The zeta potential values of the DDGS kafirin microparticles ranged from ‒32.8 ± 0.9 mV to ‒12.3 ± 0.7 mV (Table 2). The zeta potential range of ‒32.8 ± 0.9 mV to ‒12.3 ± 0.7 mV provides insight into the electrostatic stability of the kafirin microparticles, where surface charges generate repulsive forces rather than the counterpart Van der Waals attraction and prevent particle aggregation. Although DDGS kafirin dispersion showed positive zeta potential (+15.8 ± 0.5 mV), the microparticles prepared using jet flow technology assisted with CaCl_2_ exhibited net negative values upon redispersion in water. Kafirin is a highly hydrophobic protein with limited hydration in water (Shah et al. 2024). Upon suspension of DDGS kafirin in water, only the outermost surface becomes hydrated, which might have buried acidic residues within aggregated protein domains (Xiao et al. 2015). As a result, the surface is dominated by neutral or weakly cationic groups, which could have led to a positive zeta potential. The IGVJFT produces droplets that solidify while they undergo shear, vibration, and Ca^2+^‐induced aggregation (Wagle et al. 2020; Shah et al. 2025). During this microparticle production process from droplet to solid particle formation, some hydrophobic regions of kafirin might have packed into the particle interior, while some polar and ionizable residues may have migrated toward the surface. This re‐arrangement could lead to exposure of glutamic and aspartic acid residues at the particle surface. So when the DDGS kafirin microparticles made using IGVJFT are resuspended in water for zeta‐potential measurement, the exposed acidic residues are deprotonated at the near‐neutral pH of water, which could result in negatively charged carboxylate groups at the slipping plane.

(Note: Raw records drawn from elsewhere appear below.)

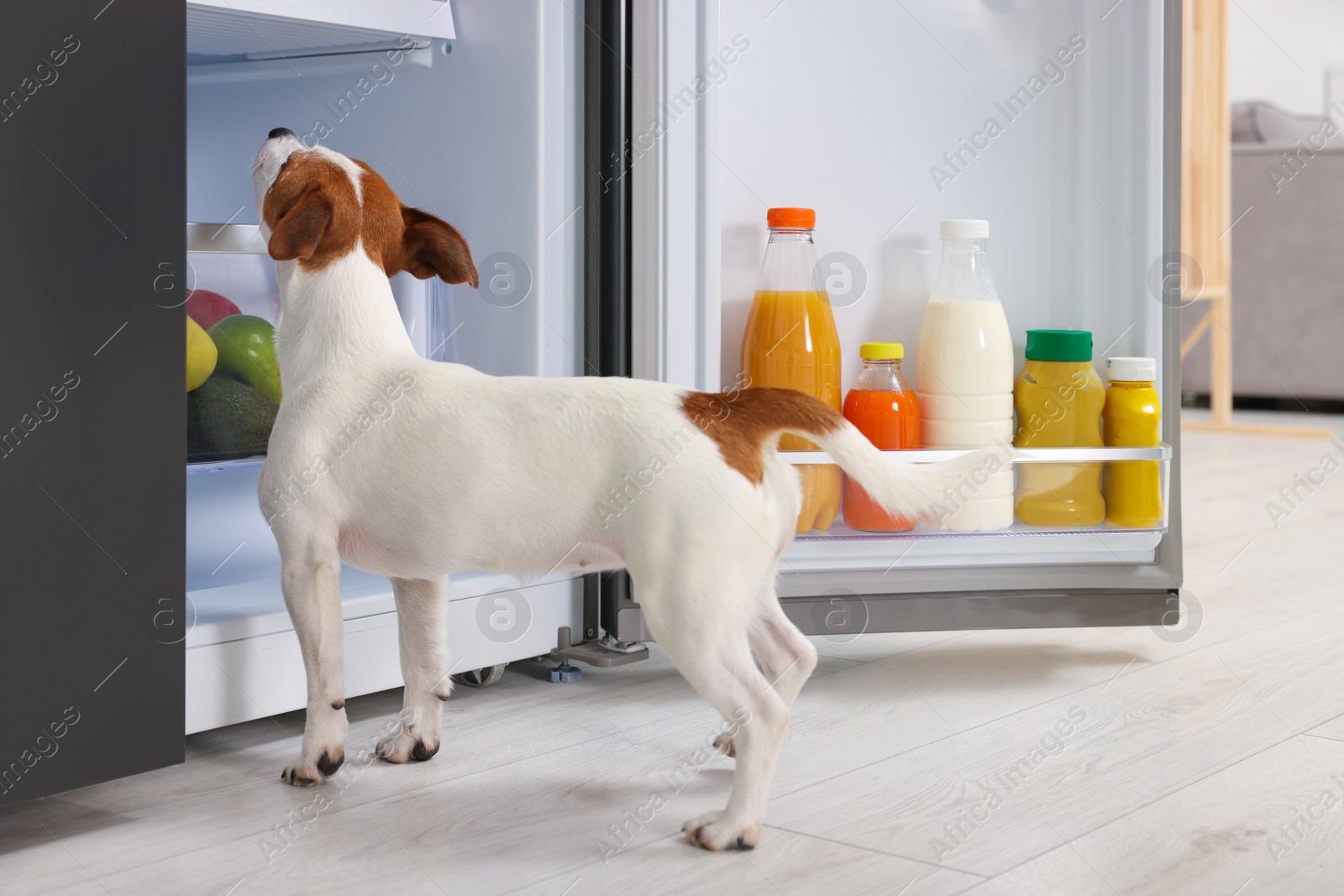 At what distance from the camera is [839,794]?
1.21m

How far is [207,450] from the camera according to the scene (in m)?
1.46

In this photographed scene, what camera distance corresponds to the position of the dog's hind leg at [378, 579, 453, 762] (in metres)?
1.30

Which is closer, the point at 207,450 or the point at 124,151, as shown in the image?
the point at 124,151

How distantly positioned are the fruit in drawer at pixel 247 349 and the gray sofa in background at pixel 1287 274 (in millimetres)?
3883

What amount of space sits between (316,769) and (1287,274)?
14.2 feet

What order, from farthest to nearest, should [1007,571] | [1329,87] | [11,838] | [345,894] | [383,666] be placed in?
[1329,87] < [1007,571] < [383,666] < [11,838] < [345,894]

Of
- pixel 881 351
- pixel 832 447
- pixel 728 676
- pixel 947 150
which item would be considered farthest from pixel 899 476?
pixel 947 150

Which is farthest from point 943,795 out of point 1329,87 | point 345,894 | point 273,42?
point 1329,87

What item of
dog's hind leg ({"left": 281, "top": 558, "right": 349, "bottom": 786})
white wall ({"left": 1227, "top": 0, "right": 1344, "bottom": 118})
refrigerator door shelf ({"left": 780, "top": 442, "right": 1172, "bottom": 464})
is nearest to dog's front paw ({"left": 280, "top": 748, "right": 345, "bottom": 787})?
dog's hind leg ({"left": 281, "top": 558, "right": 349, "bottom": 786})

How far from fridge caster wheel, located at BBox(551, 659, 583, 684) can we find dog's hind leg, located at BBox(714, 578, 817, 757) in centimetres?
45

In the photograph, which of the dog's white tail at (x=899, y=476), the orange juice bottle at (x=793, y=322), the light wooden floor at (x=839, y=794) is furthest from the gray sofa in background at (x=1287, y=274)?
the dog's white tail at (x=899, y=476)

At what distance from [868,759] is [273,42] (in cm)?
102

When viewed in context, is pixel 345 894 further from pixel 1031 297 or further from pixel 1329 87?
pixel 1329 87

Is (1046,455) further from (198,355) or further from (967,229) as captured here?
(198,355) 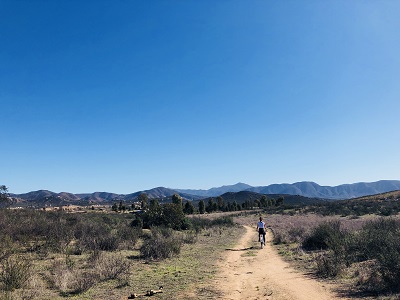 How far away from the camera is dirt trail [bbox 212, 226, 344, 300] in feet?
33.8

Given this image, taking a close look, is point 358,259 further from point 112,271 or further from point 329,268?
point 112,271

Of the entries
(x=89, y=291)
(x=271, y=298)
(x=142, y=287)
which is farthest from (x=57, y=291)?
(x=271, y=298)

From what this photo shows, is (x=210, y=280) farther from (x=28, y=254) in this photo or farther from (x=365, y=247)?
(x=28, y=254)

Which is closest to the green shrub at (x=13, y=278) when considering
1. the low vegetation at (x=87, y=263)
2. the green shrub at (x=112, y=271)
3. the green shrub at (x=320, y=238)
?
the low vegetation at (x=87, y=263)

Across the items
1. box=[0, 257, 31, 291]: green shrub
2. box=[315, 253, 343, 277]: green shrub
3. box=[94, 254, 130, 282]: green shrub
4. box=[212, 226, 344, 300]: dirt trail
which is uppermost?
box=[0, 257, 31, 291]: green shrub

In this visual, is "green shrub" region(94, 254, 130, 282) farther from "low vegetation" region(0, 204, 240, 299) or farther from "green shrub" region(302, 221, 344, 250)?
"green shrub" region(302, 221, 344, 250)

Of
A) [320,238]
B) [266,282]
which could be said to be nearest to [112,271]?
[266,282]

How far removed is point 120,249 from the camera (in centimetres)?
1944

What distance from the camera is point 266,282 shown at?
12102 mm

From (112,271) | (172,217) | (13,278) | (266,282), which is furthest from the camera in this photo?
(172,217)

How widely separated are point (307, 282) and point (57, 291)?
9.02m

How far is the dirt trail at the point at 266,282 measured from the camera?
1029cm

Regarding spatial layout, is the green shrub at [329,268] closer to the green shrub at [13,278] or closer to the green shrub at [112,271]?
the green shrub at [112,271]

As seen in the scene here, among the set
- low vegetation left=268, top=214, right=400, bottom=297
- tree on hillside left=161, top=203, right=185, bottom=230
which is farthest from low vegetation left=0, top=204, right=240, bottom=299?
tree on hillside left=161, top=203, right=185, bottom=230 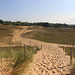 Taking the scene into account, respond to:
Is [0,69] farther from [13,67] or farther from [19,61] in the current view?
[19,61]

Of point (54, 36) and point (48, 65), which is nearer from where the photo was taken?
point (48, 65)

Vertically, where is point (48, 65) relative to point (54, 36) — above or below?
above

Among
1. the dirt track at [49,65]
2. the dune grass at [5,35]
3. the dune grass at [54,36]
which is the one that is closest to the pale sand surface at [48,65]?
the dirt track at [49,65]

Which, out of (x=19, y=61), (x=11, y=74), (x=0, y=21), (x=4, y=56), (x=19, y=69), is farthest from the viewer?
(x=0, y=21)

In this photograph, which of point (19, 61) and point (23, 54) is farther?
point (23, 54)

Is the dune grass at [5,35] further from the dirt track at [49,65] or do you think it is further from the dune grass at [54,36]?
the dirt track at [49,65]

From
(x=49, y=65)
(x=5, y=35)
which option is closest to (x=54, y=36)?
(x=5, y=35)

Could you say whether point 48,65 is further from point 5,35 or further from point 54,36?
point 5,35

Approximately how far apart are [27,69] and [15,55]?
92 cm

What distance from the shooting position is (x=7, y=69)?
439 centimetres

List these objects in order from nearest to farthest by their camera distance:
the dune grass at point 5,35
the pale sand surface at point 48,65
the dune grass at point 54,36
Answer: the pale sand surface at point 48,65, the dune grass at point 5,35, the dune grass at point 54,36

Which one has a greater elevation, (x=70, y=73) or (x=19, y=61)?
(x=19, y=61)

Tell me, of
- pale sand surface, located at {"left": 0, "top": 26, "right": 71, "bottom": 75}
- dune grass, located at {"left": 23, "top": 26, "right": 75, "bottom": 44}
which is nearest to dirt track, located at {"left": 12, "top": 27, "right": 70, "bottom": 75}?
pale sand surface, located at {"left": 0, "top": 26, "right": 71, "bottom": 75}

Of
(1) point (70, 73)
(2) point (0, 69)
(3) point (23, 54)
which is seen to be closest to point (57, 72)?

Furthermore, this indicates that the overall negative charge (anionic groups) of the formulated system was significantly higher than the positive charge (cationic groups), subsequently resulting in a net negative charge (Song et al. 2021). The ANOVA data suggest the significance of the process parameters for zeta potential, as follows: DDGS kafirin concentration (F = 170, p < 0.0001) > nozzle diameter (F = 146.41, p < 0.0001) > internal frequency (F = 3.84, p < 0.00920) (Table 4). It is evident that lower DDGS kafirin concentration resulted in greater ionic repulsive force (more negative zeta potential) than attractive force. The stability of the particle is a balance between attractive and repulsive forces (Guo et al. 2017; Ohshima 2015); that is, the DDGS kafirin colloidal system will be more stable when repulsive forces (higher negative) are stronger than attractive forces (Yan et al. 2021). The more negative zeta potential is created by steric repulsion or electrostatic interactions, which influence the stability of particles by decreasing the van der Waals force (Ohshima 2015; Midekessa et al. 2020). Overall, the study indicates that a higher density of DDGS kafirin within the droplets might have enhanced intermolecular interactions such as hydrophobic interactions and disulfide‐mediated crosslinking, and these interactions could reduce the availability of surface‐oriented ionizable groups. As a result, particles prepared from higher levels of DDGS kafirin concentration carried a lower net negative charge.
The nozzle diameter also showed an influence of the zeta potential, possibly because a larger nozzle diameter produced thicker droplets (Section 3.2), which might have lower shear at the point of ejection. This lower extent of interfacial shear‐driven rearrangement during droplet breakup might have influenced the orientation and exposure of more charged residues on the particle surface (Villermaux 2007). As is evident from the diagnostic plot (Figure S6), an increase in the nozzle diameter increased the zeta potential of the system. Another possible explanation might be that slower jet disruption promotes the formation of a more compact surface, where buried residues contribute less to surface charge (Eggers 1997).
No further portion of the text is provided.